Стивен Хантер - Я, Потрошитель
Я узнал его по походке, быстрой, пружинящей, по-прежнему полной кипучей энергии, словно в топке его внутреннего двигателя жарко горел уголь; не посмотрев ни влево, ни вправо, не потрудившись оглянуться назад, он свернул к «Олдгейт-Ист», приземистому с остроконечной крышей зданию, похожему на элегантный загородный дом. Здесь и было место посадки в вагоны, а не дворец короля-солнце. И все-таки, стремясь хоть чем-то быть похожим на Версаль, здание гордо несло вывеску «МЕТРОПОЛИТЕН РЕЙЛУЭЙЗ» на фасаде, перенасыщенном элементами ампира, потому, что так можно было сделать, а не потому, что так нужно было сделать.

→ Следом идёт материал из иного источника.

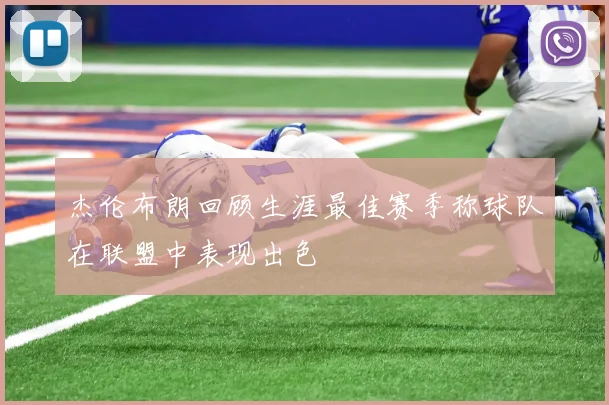 杰伦布朗回顾生涯最佳赛季称球队在联盟中表现出色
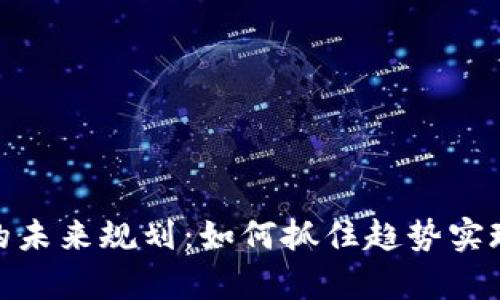 加密货币的未来规划：如何抓住趋势实现财富增值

Замедлив шаг, я поспешно достал карманные часы и увидел, что времени уже двадцать восемь минут двенадцатого, следовательно, последний поезд прибудет через две минуты. Джек пришел сюда, чтобы кого-то встретить? В этом не было никакого смысла. Ни одна шлюха не приедет на работу последним поездом, перрон будет пуст. Чего тут можно ожидать, разве только, быть может, возможности сходить в уборную? Я заколебался, но тут мой взгляд оживился при виде фигуры, метнувшейся через Уайтчепел-роуд, совершенно беспрепятственно, поскольку гужевое движение стало совсем редким; по размашистой походке, стилю, изяществу и целеустремленности я узнал профессора Дэйра, в развевающемся на ветру твидовом пальто и низко натянутой на лоб широкополой шляпе, для защиты от того же самого ветра. Он торжествовал успех! Ему удалось остаться в деле, в то время как бедняга Джеб не справился со своей задачей. Вот он, настоящий герой, подумал я.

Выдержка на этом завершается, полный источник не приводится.